• **INPUT DATA**
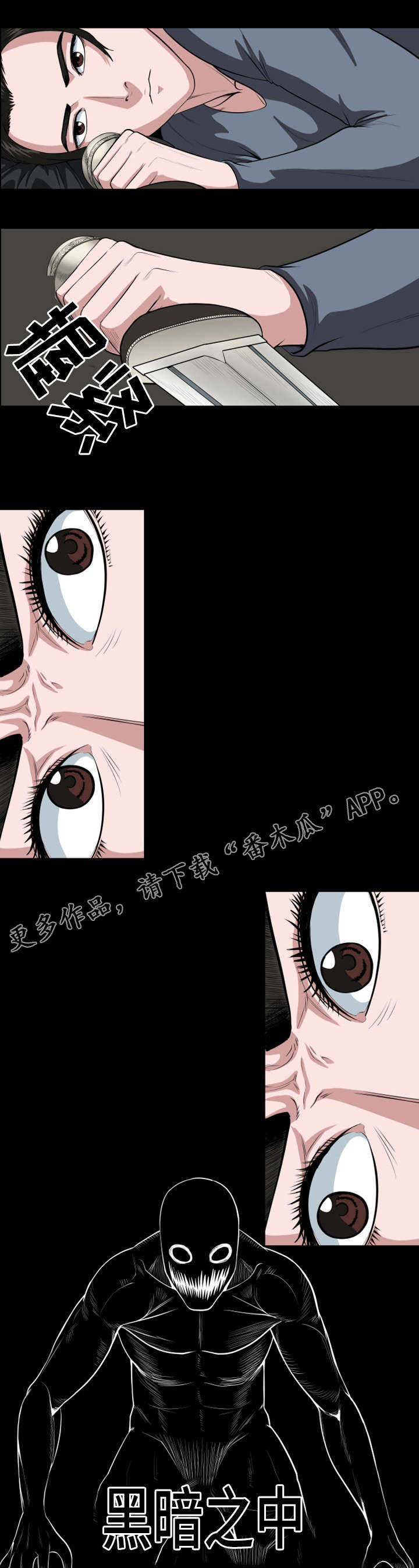 争王争风漫画,第39章：不孝子4图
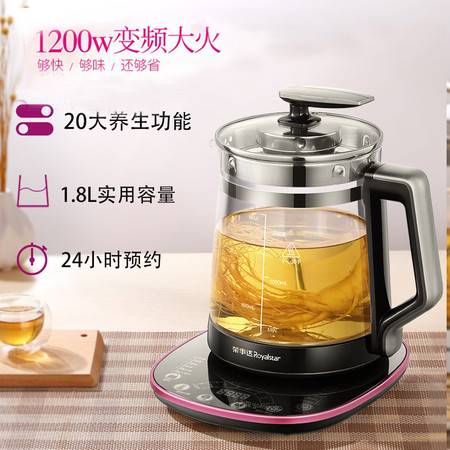 兼顧健康與便捷的居家好物 榮事達養生壺深度評測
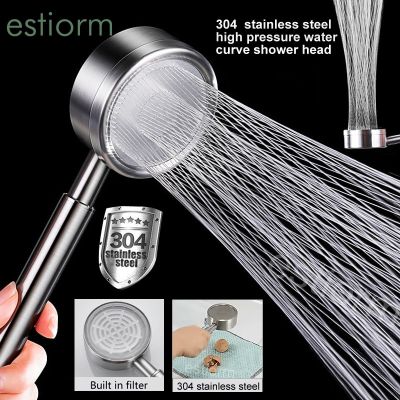 304 Stainless Steel Powerful High Pressure Shower Head Bathroom Bulid In Filter Water Save Handheld Strong Water Pressure Shower Showerheads
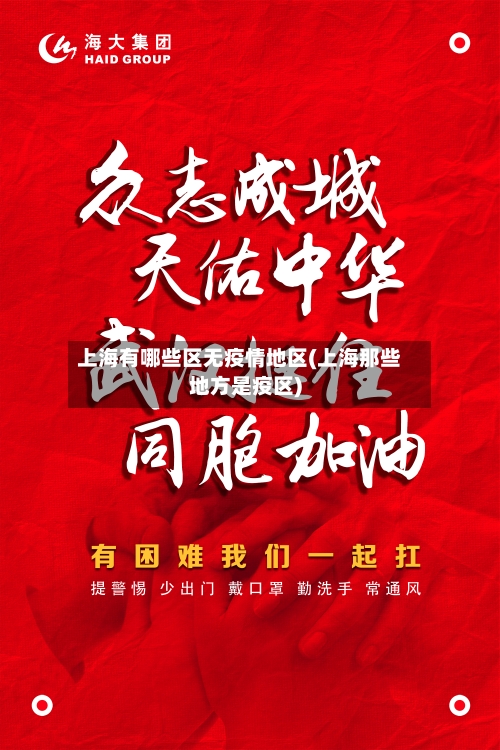 上海有哪些区无疫情地区(上海那些地方是疫区)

• **ABOUT THIS TASK**
With pictures omitted, reproduce exactly the lines from the line containing "304 Stainless Steel" through the end of the data above.

• **SOLVED EXERCISE**
 304 Stainless Steel Powerful High Pressure Shower Head Bathroom Bulid In Filter Water Save Handheld Strong Water Pressure Shower Showerheads
 上海有哪些区无疫情地区(上海那些地方是疫区)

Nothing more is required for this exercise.